● Dataset records:
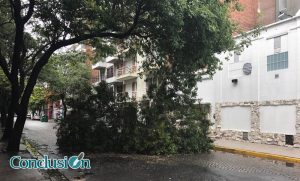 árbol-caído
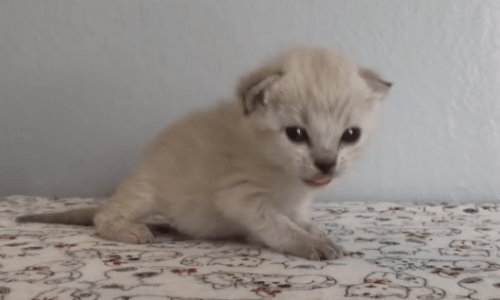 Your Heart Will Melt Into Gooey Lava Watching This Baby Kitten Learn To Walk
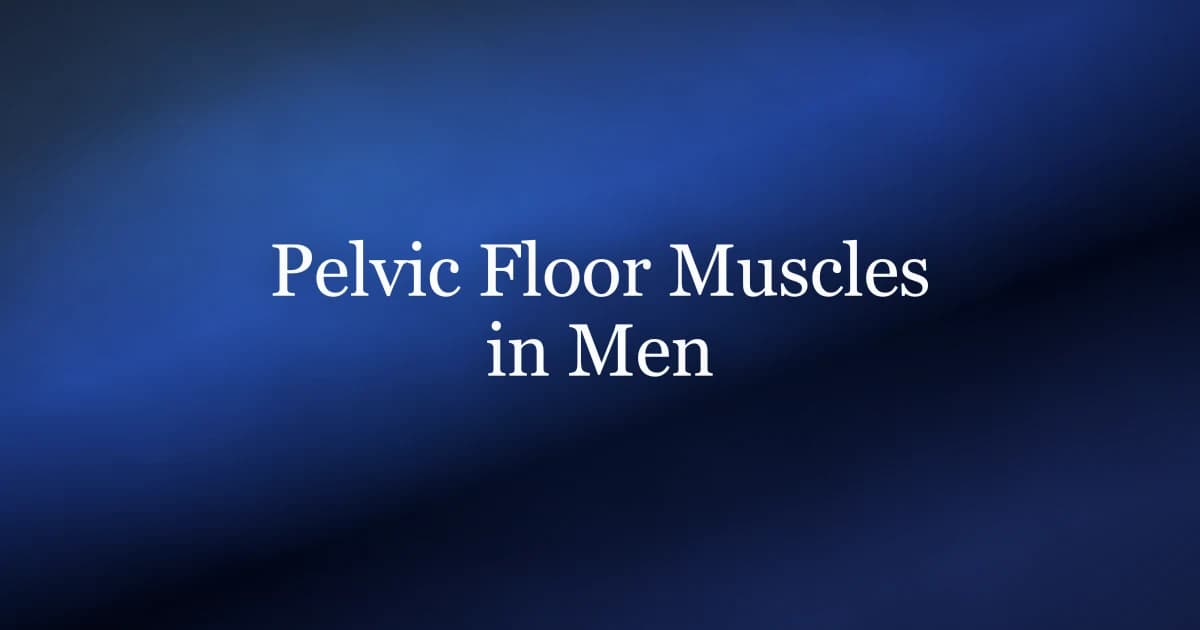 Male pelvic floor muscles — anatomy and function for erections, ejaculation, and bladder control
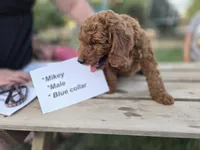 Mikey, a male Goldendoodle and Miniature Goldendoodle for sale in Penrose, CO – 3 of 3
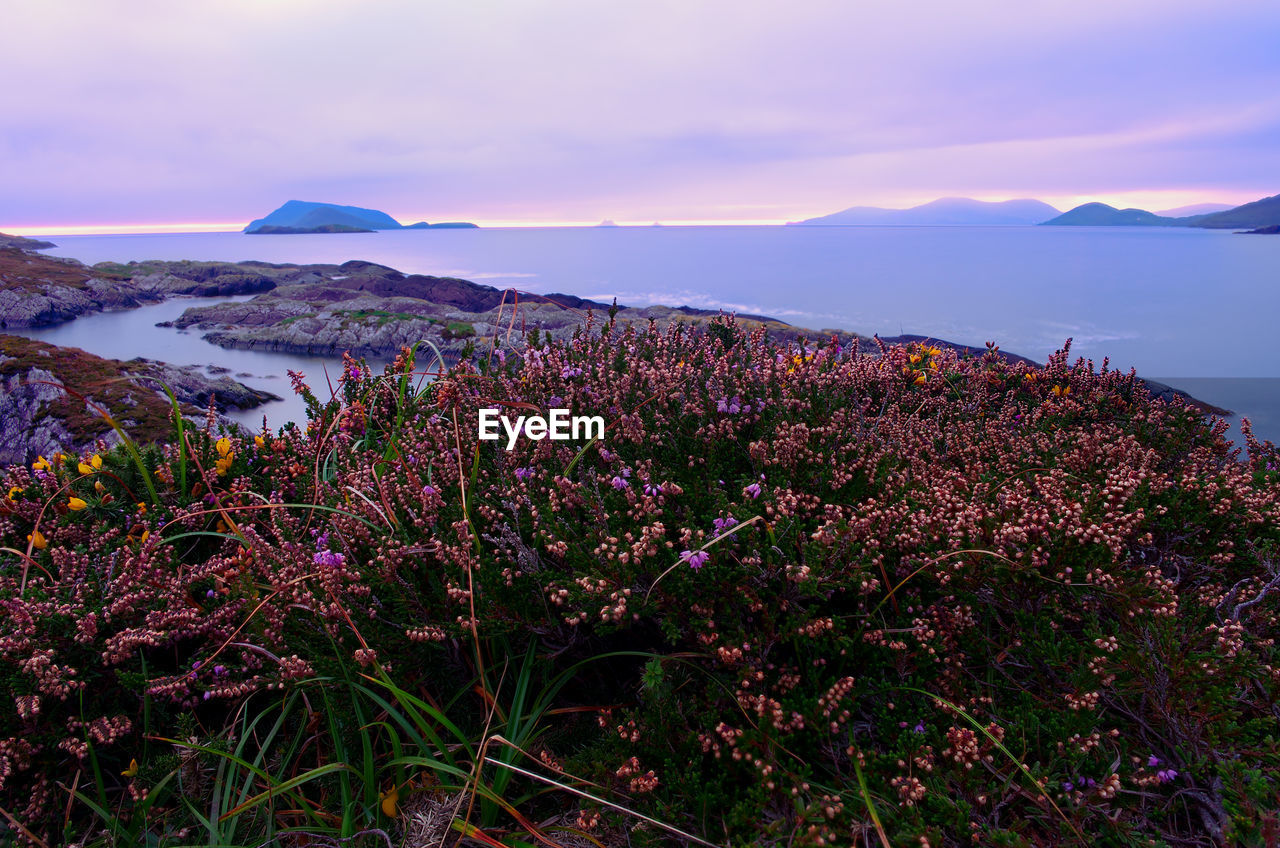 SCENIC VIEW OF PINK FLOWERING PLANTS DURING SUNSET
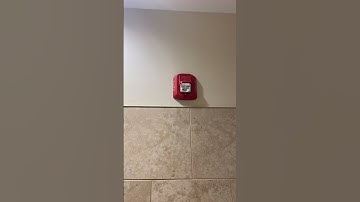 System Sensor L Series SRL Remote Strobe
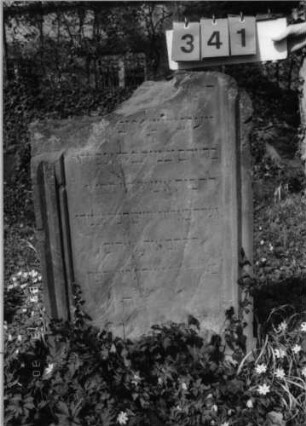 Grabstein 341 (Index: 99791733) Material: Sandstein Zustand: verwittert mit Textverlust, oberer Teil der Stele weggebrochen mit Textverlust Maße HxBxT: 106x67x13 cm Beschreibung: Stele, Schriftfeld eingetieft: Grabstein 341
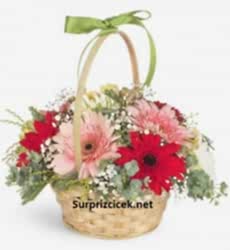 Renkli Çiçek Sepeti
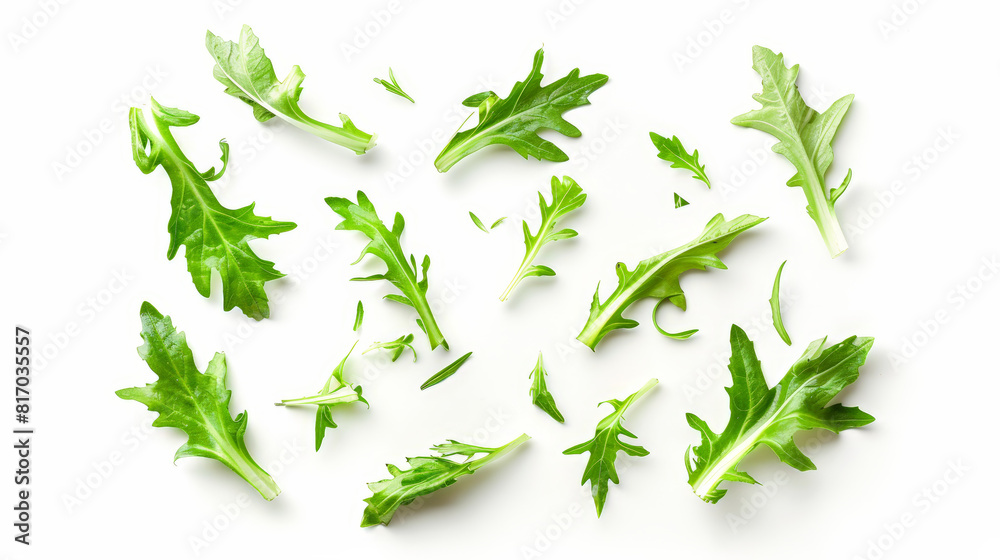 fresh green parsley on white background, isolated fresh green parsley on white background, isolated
...
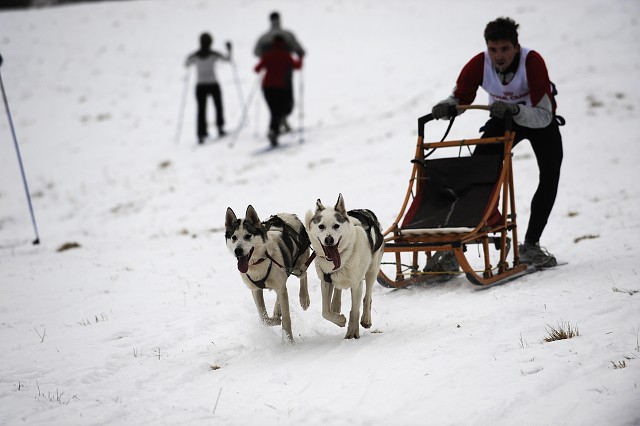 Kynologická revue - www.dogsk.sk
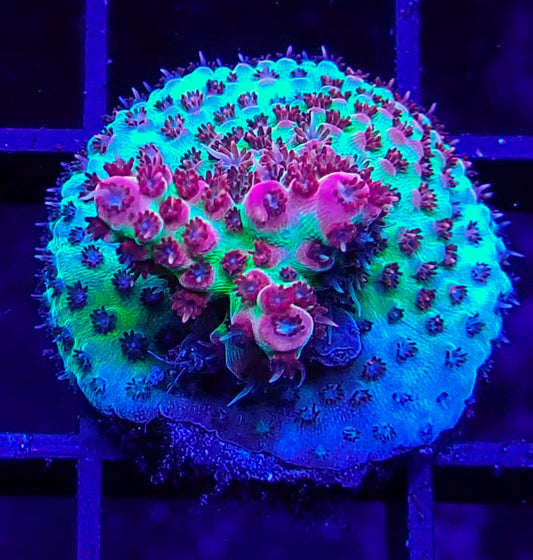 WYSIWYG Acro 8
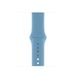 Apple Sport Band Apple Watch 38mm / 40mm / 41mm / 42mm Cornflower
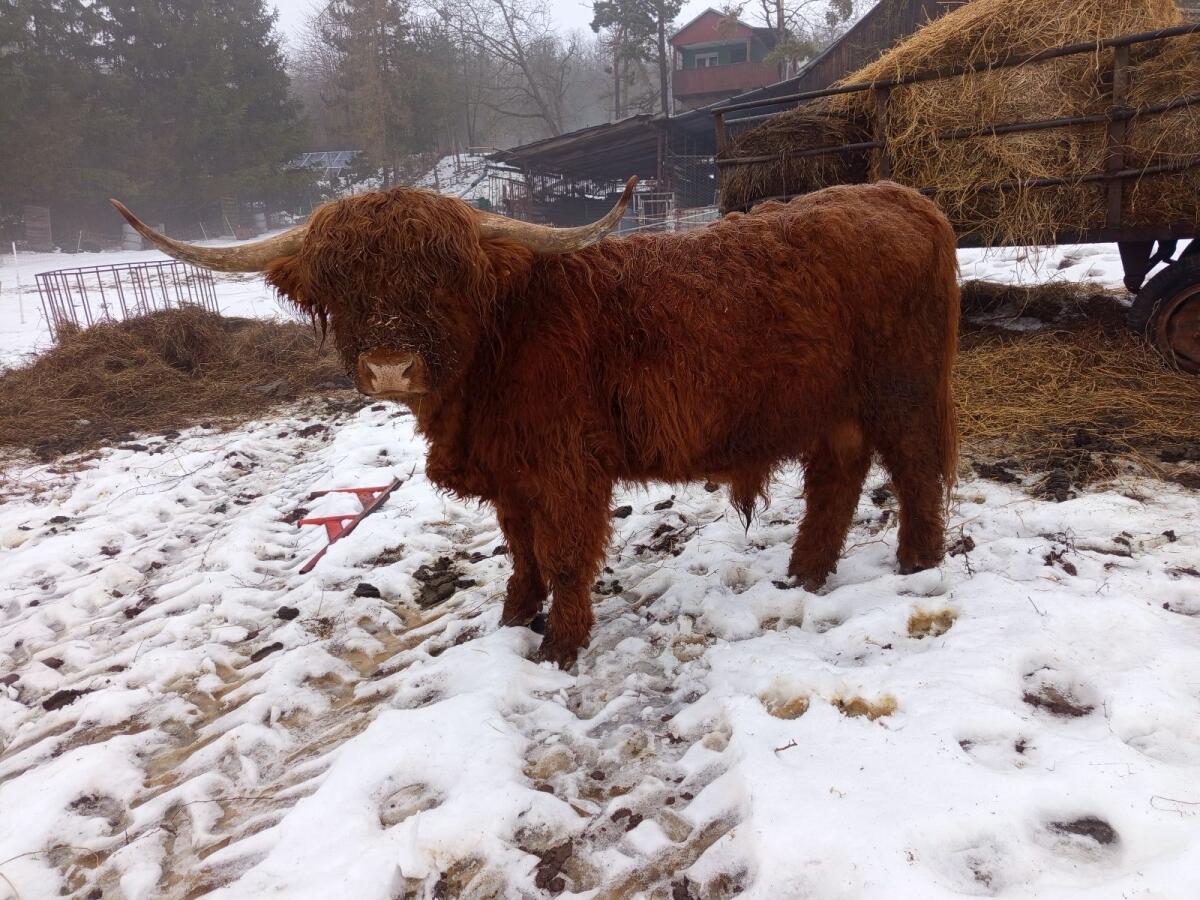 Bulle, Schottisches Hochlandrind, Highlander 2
==
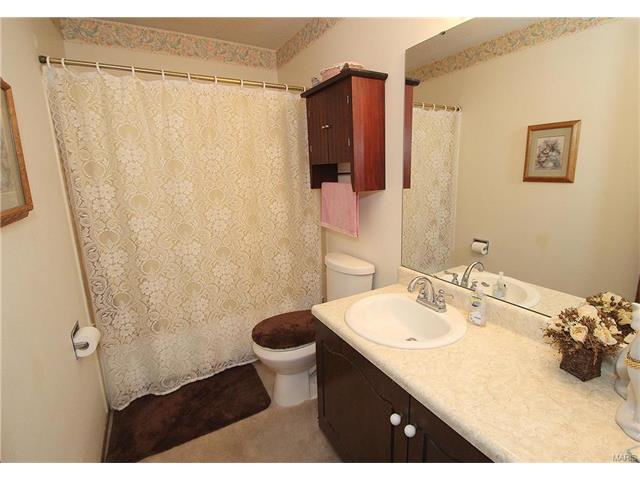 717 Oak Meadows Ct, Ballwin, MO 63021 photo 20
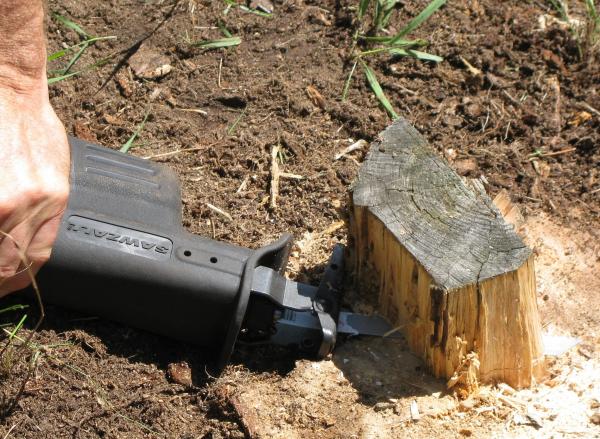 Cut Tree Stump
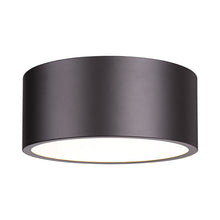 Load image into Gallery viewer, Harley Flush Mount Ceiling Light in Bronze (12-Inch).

● Assignment: Exactly the lines above, from the one containing "Renkli Çiçek Sepeti" down to the one containing "fresh green parsley on white background, isolated fresh", are to be repeated, including both ends. Pictures are not part of the copy.

● Solution to this problem:
 Renkli Çiçek Sepeti
 fresh green parsley on white background, isolated fresh green parsley on white background, isolated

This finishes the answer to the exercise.